From West to East and Southern Africa, a wave of infrastructure projects, including new deep-sea ports, rail lines, and cross-border highways, is beginning to transform the movement of goods across the continent. Analysts say the developments could be pivotal for the African Continental Free Trade Area (AfCFTA), which depends heavily on efficient transport networks to reduce costs and integrate markets.
In West Africa, the $1.5 billion Lekki Deep Sea Port in Nigeria has begun to alleviate the congestion at the Lagos Port Complex, allowing for the passage facilitating larger vessels and faster cargo handling. Operators say the port recorded increased container traffic in recent months as regional exporters shift routes. “Our goal is to make Nigeria a preferred entry and exit point for West African trade,” an official at Lekki Port LFTZ Enterprise said recently.
Ghana is also upgrading the Port of Tema, which has emerged as a major transit hub for landlocked countries, including Burkina Faso, Mali, and Niger. The expansion, backed by private-sector financing, has reduced cargo dwell time and improved customs efficiency. A senior official at Ghana Ports and Harbours Authority said the upgrades are “positioning the country for a bigger share of regional trade flows.”
Across East Africa, the Standard Gauge Railway (SGR) continues to reshape logistics between Kenya and Uganda, although funding constraints have slowed expansion plans to Rwanda and South Sudan. Kenya is also investing in the Lamu Port–South Sudan–Ethiopia Transport (LAPSSET) corridor, which aims to offer alternative trade routes and reduce congestion around Mombasa. “The region must diversify its gateways to stay competitive,” a logistics analyst in Nairobi noted.
Ethiopia, meanwhile, is banking on the soon-to-be-upgraded Djibouti port corridor, its main maritime lifeline, to handle rising volumes of manufactured exports. Plans to introduce digital customs platforms along the corridor are expected to cut delays that have historically raised transport costs.
Southern Africa is also witnessing significant movement. South Africa is working to rehabilitate its freight rail network and upgrade the Port of Durban, following years of inefficiencies that disrupted the export of minerals and agricultural products. “If South Africa fixes its logistics, it will have a transformative impact on the region’s trade,” said a researcher at the Centre for Development and Enterprise, Alvin Matalele.
Neighbouring Mozambique is expanding the Port of Nacala, which has become increasingly crucial for the shipment of agricultural goods, coal, and manufactured products destined for Asian markets.
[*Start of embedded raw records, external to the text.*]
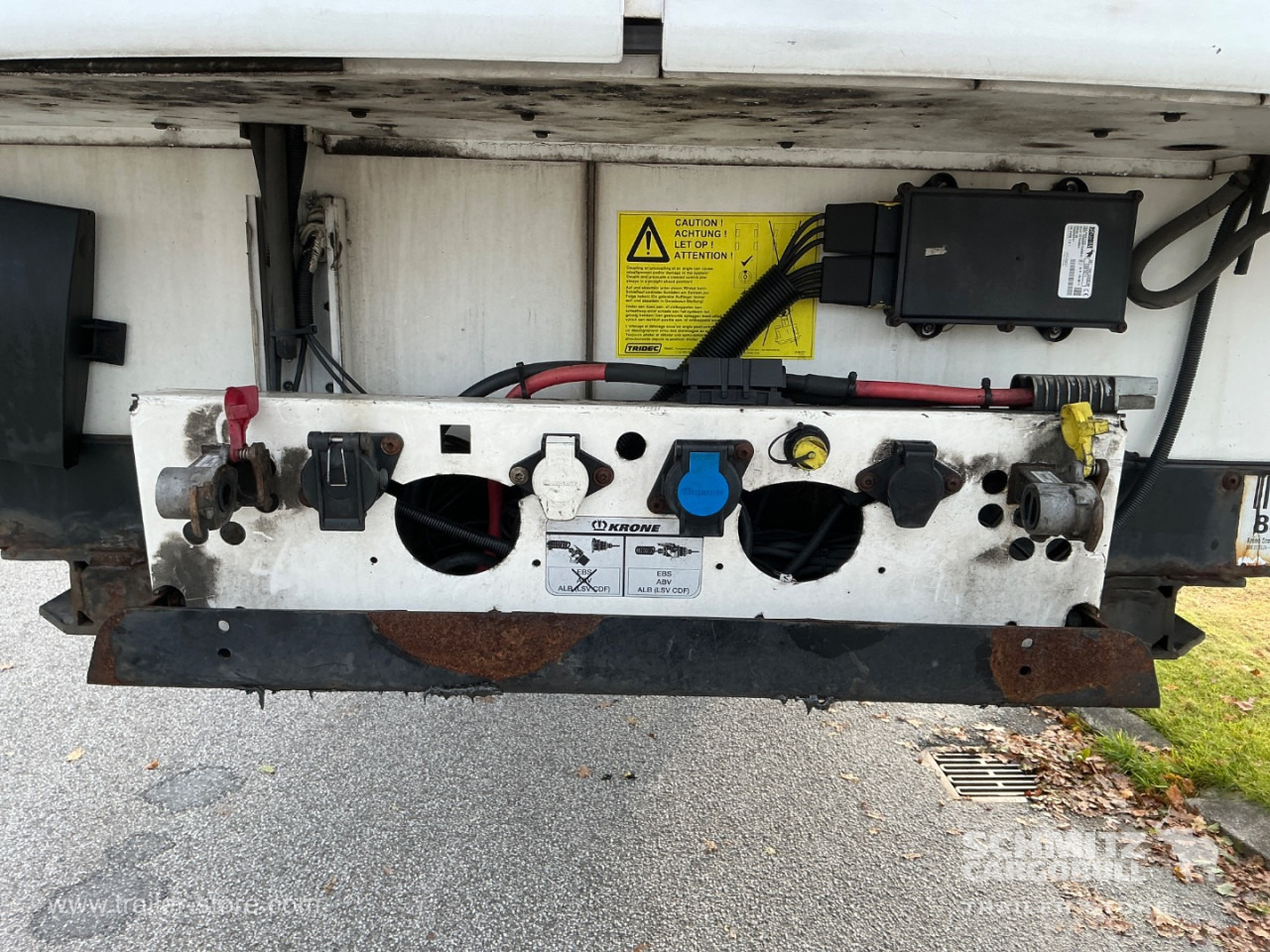 KRONE Reefer Standard Taillift - Isotérmico semirremolque: foto 4 KRONE Reefer Standard Taillift - Isotérmico semirremolque: foto 4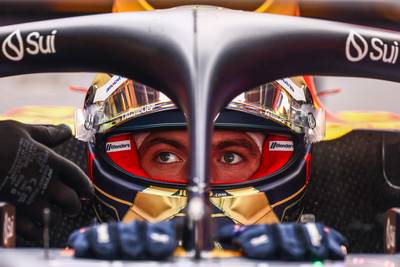 Max Verstappen valt in de prijzen na historisch seizoen: Nederlander opnieuw autocoureur van het jaar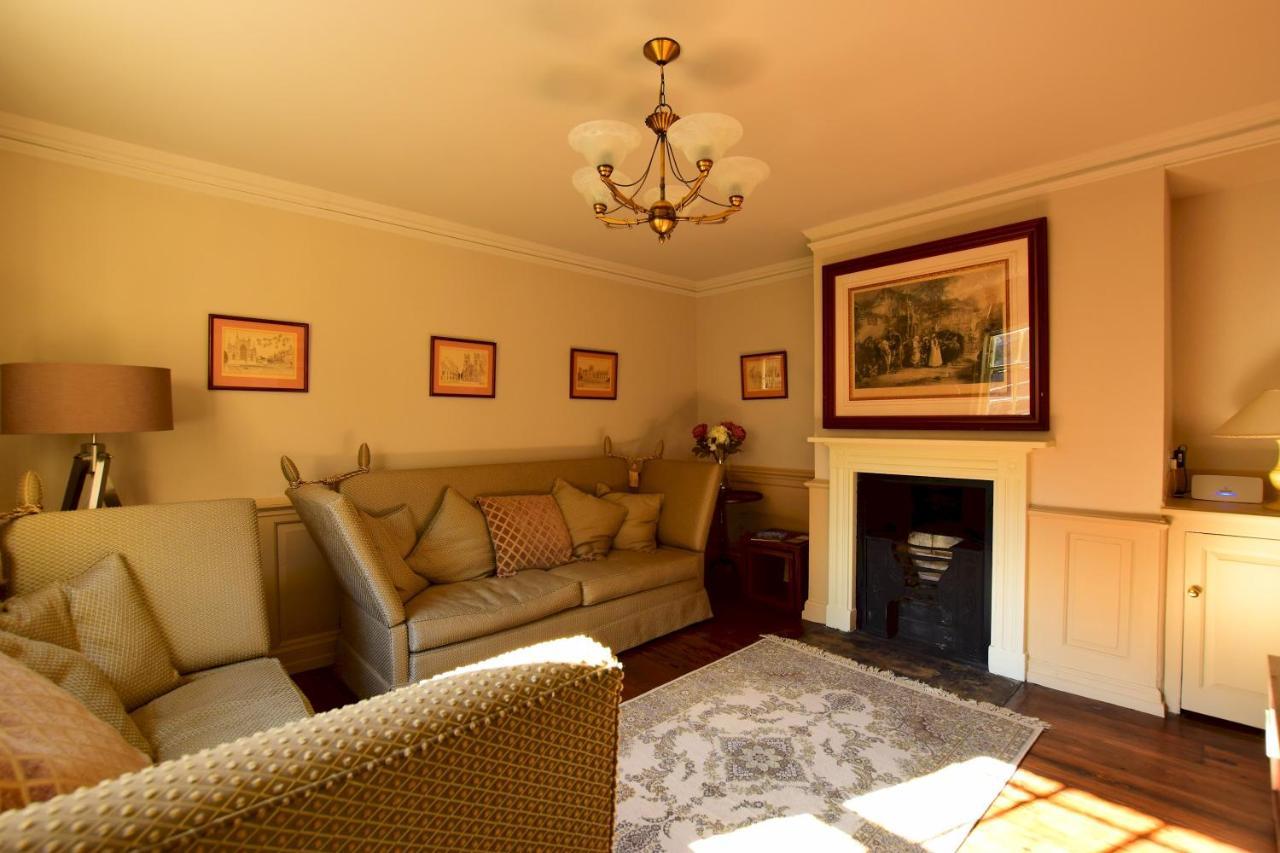 14 St Saviours Place,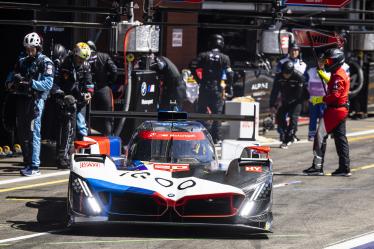 20 VAN DER LINDE Sheldon (zaf), FRIJNS Robin (nld), RAST RenÃ© (ger), BMW M Team WRT, BMW Hybrid V8 #20, Hypercar, pit stop during the 2024 TotalEnergies 6 Hours of Spa-Francorchamps, 3rd round of the 2024 FIA World Endurance Championship, from May 8 to 11, 2024 on the Circuit de Spa-Francorchamps in Stavelot, Belgium - Photo Julien Delfosse / DPPI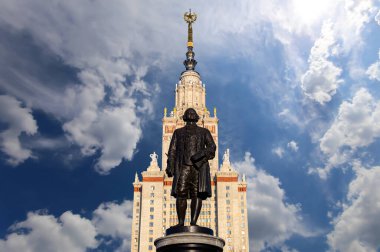 Moskova Devlet Üniversitesi 'nin (MSU) gökyüzünün arka planında Mikhail Vasilyevich Lomonosov (heykeltıraş N. V. Tomsky ve mimar L. V. Rudnev, 1953) anıtı görülüyor.  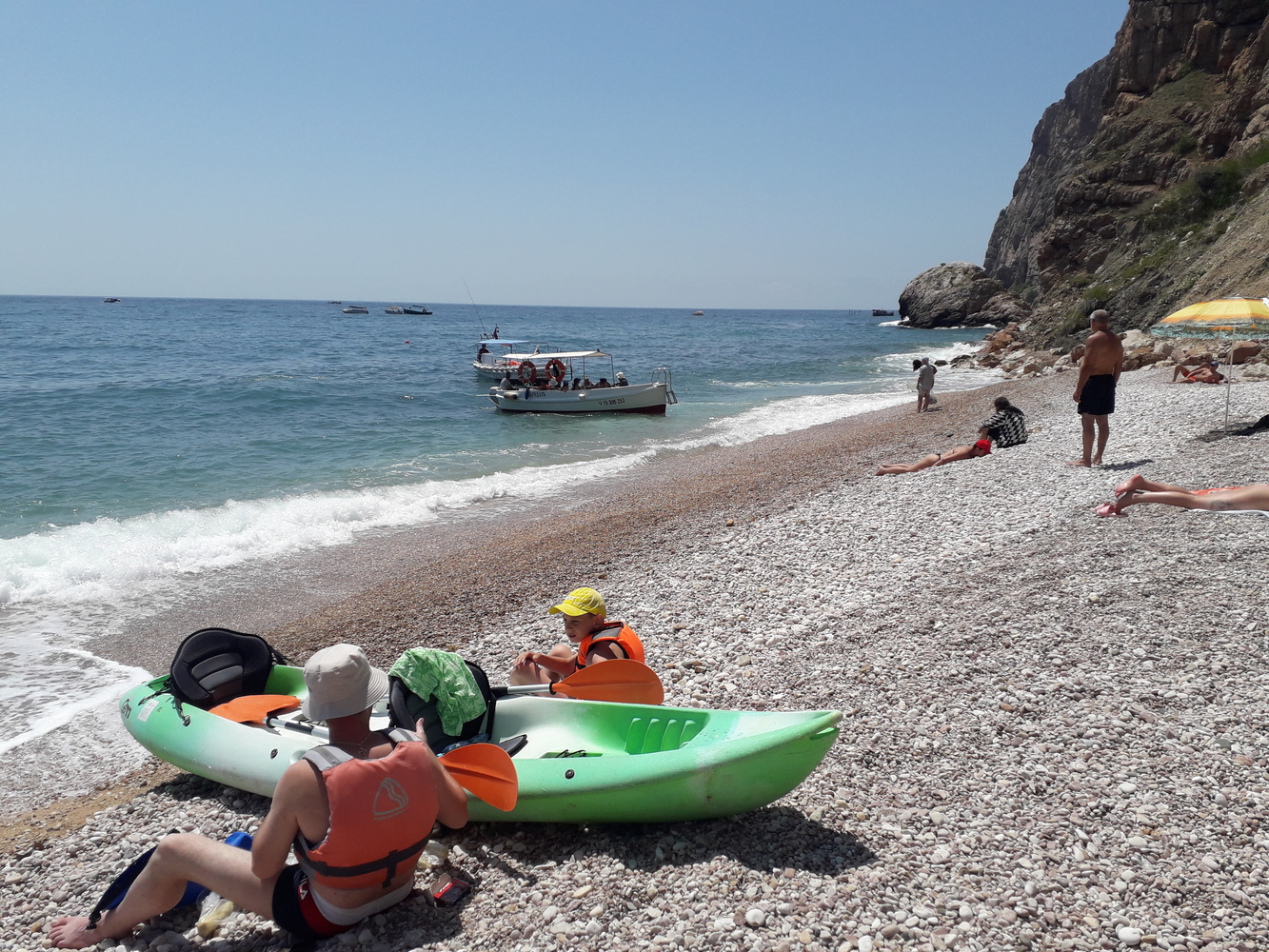 Пляжный рай в Крыму практически недоступен из-за строительства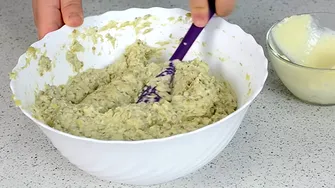 Condimentul care nu trebuie pus niciodată dacă faci salată de vinete. Majoritatea românilor îl folosesc și nu știu că îi strică gustul și îi accentuează amăreala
Similarly, Namibia’s Walvis Bay Port, now linked to Zambia, Botswana, and the Democratic Republic of Congo through the Walvis Bay Corridor, is attracting more cargo movement as traders seek shorter routes to the Atlantic.
Economists say the new trade corridors could reduce logistics costs, which are currently among the highest in the world and have long hindered African competitiveness. However, they warn that gains will depend heavily on policy coordination, border efficiency, and maintenance of infrastructure.
As the AfCFTA gradually takes shape, improved ports and corridors are expected to play a central role in unlocking Africa’s long-awaited trade potential.